The preamble to the package of laws cited a series of investigative reports by City & State that revealed false certifications by city agencies that hid ramshackle roofs, exposing water to the elements and decomposing animals found in public housing drinking water supply tanks year after year. At the time, U.S. Environmental Protection Agency scientists warned that the city’s poorly maintained water tanks could be the source of unreported disease outbreaks.

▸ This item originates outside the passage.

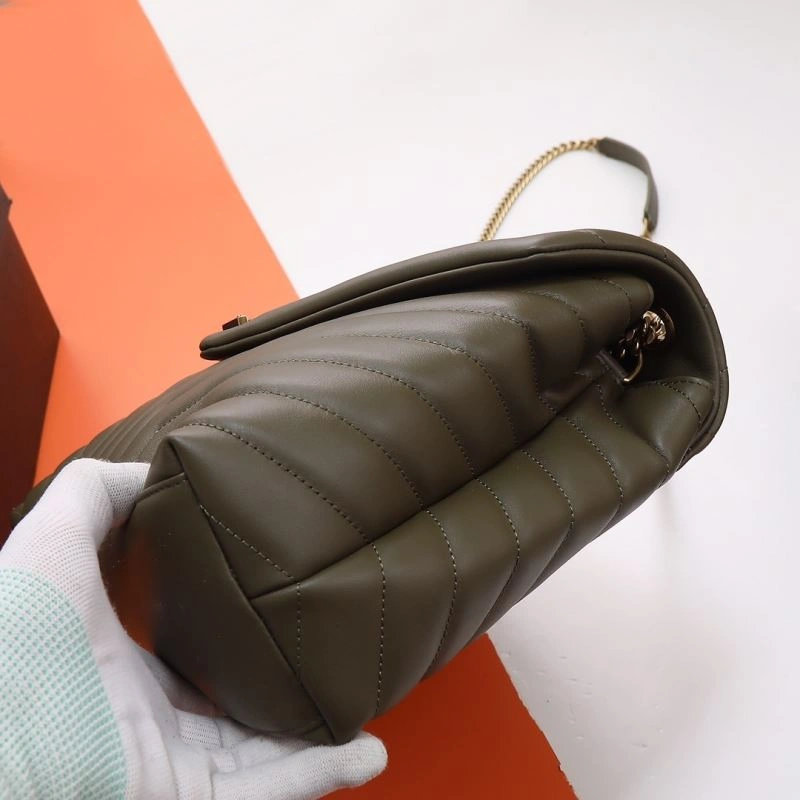 DailyWear YSL Satchel Bags 62822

An EPA water tank expert reviewing the new package of laws noted that while they are an improvement, city health officials should consult EPA’s updated standards and consider the case of an outbreak linked to a rabbit carcass found in a water tank in Northamptonshire, England in 2008. The EPA expert, who requested anonymity to speak candidly, also criticized the health department’s characterization of drowned animals in New York City water tanks as “low risk.”
“Tanks that have breaches that have allowed birds, rodents and insects to nest in the space between the two roof systems do pose a risk to public health,” the EPA expert said. “This public health risk would have been shown had we had the proper testing protocol in place to capture the slug of pathogens being released from these dead birds, rodents and insects.”
Officials estimate that millions of New Yorkers drink tap water that flows through the weathered wooden barrels that crown the tops of skyscrapers and apartment buildings. Nevertheless, the city does not inspect or test drinking water tanks and has not studied them for two decades – in fact, after more than 100 years of using the rooftop wooden vessels, public health officials still do not know how many there are or where they all are, although officials have said an effort is being made to locate them after the council passed a law in 2017 requiring the health department to do so.
Health officials rely on annual inspection reports generated by water tank cleaners hired by building owners to report unsanitary conditions. However, these vendors have rarely reported such contamination and several large companies only document conditions in the tanks after they are cleaned and disinfected, often leaving no record of any contamination they find. These new laws seek to address those issues.
While local lawmakers hope the laws will make a difference in the state of the city’s drinking water tanks, not all are optimistic.
“Legislation is one thing. Enforcement is something else,” said Torres. “The laws are only as good as the enforcement – and I worry that DOH’s enforcement will continue to be complacent.”
Correction: An earlier version of this report incorrectly said that the legislation would require inspectors to conduct water quality tests before tanks are cleaned and disinfected, and that damaged tanks would have to be repaired within 90 days. Both measures were originally included in draft legislation, but were removed in the final package.